* Assigned task: The response must be the exact lines from the line holding "Lustra LED cu" through the end of the entries, with no pictures and nothing else.

Caption-style text data
*** Block opens ***

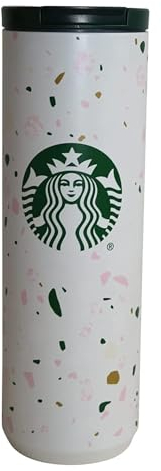 Starbucks Coffee Company Tumbler Happy Mosaik Tasse isotherme réutilisable en acier inoxydable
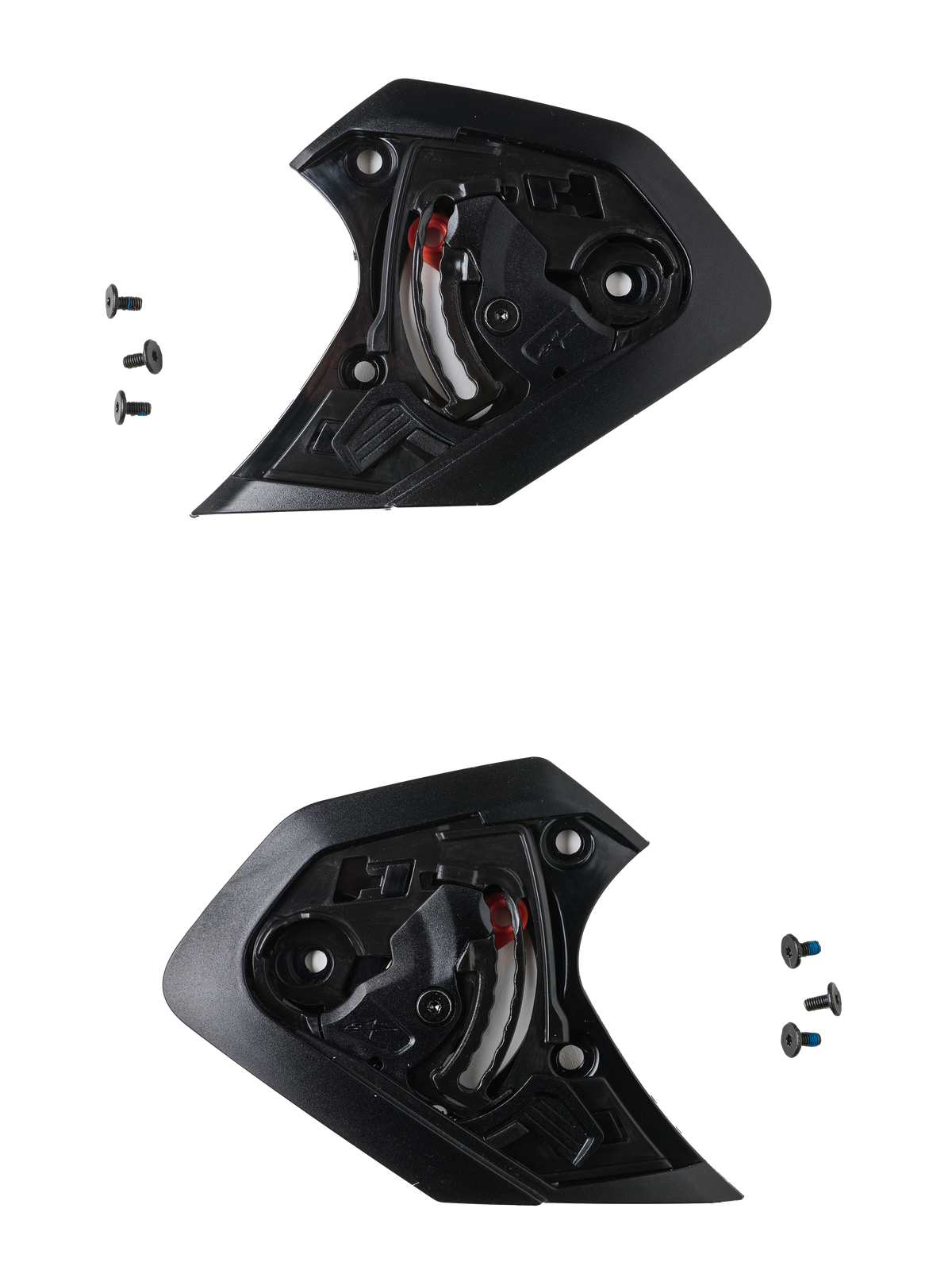 Alpinestars S-R7 Mécanisme d'Écran, pièces de rechange pour casque de moto road racing, noir, avec vis de montage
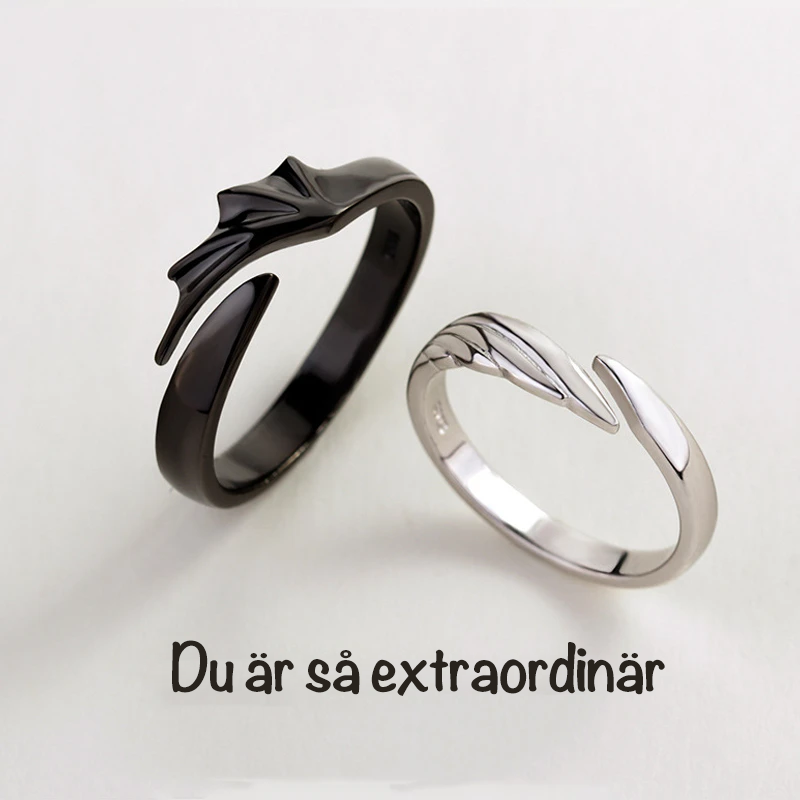 Angel And Demon Couple Ring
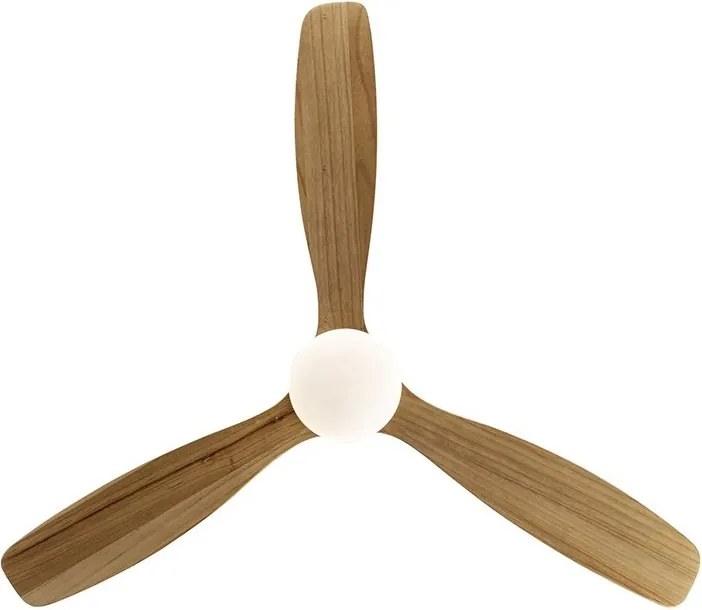 Lustra LED cu Ventilator si telecomanda Siroco D-132cm alb/lemn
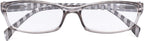 CessBlu Ladies Reading Glasses Striped Design Reader Eyeglasses for Women Reading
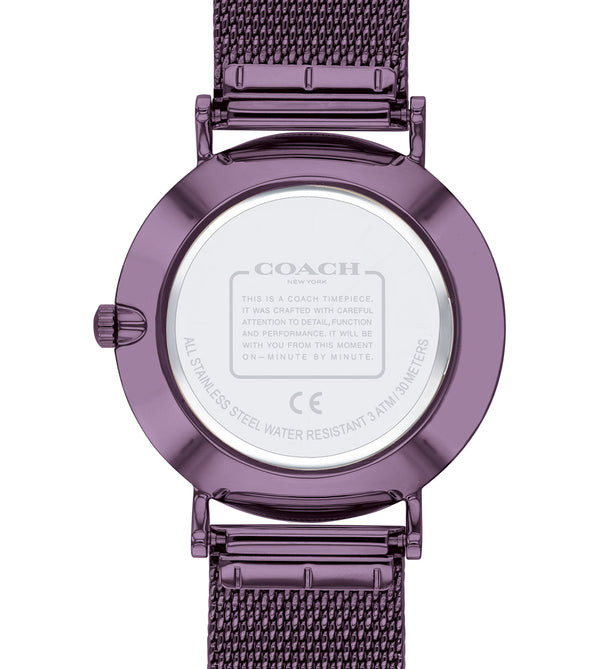 Coach Perry Purple Dial Women's Watch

*** Block closes ***

* Response:
 Lustra LED cu Ventilator si telecomanda Siroco D-132cm alb/lemn
 CessBlu Ladies Reading Glasses Striped Design Reader Eyeglasses for Women Reading
 Coach Perry Purple Dial Women's Watch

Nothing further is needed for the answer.